Interestingly, pseudocysts were observed in the epithelial layer, primarily in non-eosinophilic CRSwNP. This distinctive histopathological feature of non-eosinophilic NPs was observed in a low-power field (P×) (Fig 2A). This analysis revealed that the pseudocysts occupied a significantly larger area of NPs in non-eosinophilic CRSwNP patients compared with eosinophilic CRSwNP patients (Fig 2A). Furthermore, under endoscopy, we could detect yellowish spots on NPs with the appearance of mucous retention cysts (Fig 2B). These spots were observed at a significantly higher incidence in patients with non-eosinophilic CRSwNP than in patients with eosinophilic CRSwNP (Fig 2B). Similar to the Ki–67 staining results, these epithelial alteration findings also suggest that non-eosinophilic CRSwNP arise from localized lesion, compared with eosinophilic CRSwNP.

Fig 2. Distinctive histological features of non-eosinophilic CRSwNP patients.

(A) Comparison of the proportion of total NP tissue area occupied by pseudocysts in different endotypes of CRSwNP and representative hematoxylin/eosin staining images of a pseudocyst (red arrow) within the epithelial layer from non-eosinophilic NP tissues (40×) (B) Comparison of a yellowish spot in NP tissue between non-eosinophilic and eosinophilic CRSwNP patients and representative images of a yellowish spot (red arrow) found on endoscopy in a non-eosinophilic CRSwNP patient. (*p<0.05, **p<0.01, and ***p<0.001). Data represent medians. E-NP, eosinophilic nasal polyp; NE-NP, non-eosinophilic nasal polyp.

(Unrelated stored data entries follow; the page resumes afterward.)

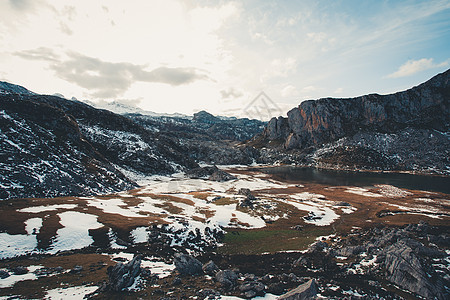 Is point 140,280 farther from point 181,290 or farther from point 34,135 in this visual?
point 34,135

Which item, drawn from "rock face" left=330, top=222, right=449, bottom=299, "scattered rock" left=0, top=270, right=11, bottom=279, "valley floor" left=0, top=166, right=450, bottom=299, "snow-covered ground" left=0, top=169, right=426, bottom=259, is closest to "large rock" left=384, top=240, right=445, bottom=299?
"rock face" left=330, top=222, right=449, bottom=299

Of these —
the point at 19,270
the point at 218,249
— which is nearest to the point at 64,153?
the point at 19,270

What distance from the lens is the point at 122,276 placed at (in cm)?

Differences in CT findings between subtypes of CRSwNP

Majority of nasal flow, around 70%, blows through the middle meatus in which is theoretically exposed to external stimuli [25]. If non-eosinophilic nasal polyps are mainly attributed to external stimuli, highly exposed areas like ostio-meatal unit should be involved especially in early disease status. Narrow space such as olfactory cleft, where it is difficult for external stimuli to be reached, may be less likely involved in non-eosinophilic nasal polyps. We determined whether early stages of the disease are localized or diffuse in each subtype of CRSwNP, using subtracted value of the CT scores from each side (N = 79). The subtraction of less severe side CT scores from the opposite side showed no significant differences between the two subtypes. However, when the subtracted CT scores in early stage disease (Lund-MacKay scores <15) were evaluated, we found that these subtracted values were higher in non-eosinophilic CRSwNP patients than in eosinophilic patients (Fig 3A). However, the extent of disease was negatively correlated with the CT subtraction scores in non-eosinophilic CRSwNP patients, which imply that non-eosinophilic NPs progress from unilateral or localized to bilateral or generalized diseases. In addition, ethmoidal/maxillary CT scores were significantly lower in patients with non-eosinophilic CRSwNP compared with patients with eosinophilic CRSwNP (Fig 3B). Meanwhile, eosinophilic CRSwNP patients showed a higher olfactory cleft opacification score, which correlated with CT score, compared with non-eosinophilic CRSwNP patients (Fig 3C). These findings suggest that non-eosinophilic NPs start locally, especially in the OMU area where is susceptible to external stimuli, leading to maxillary involvement.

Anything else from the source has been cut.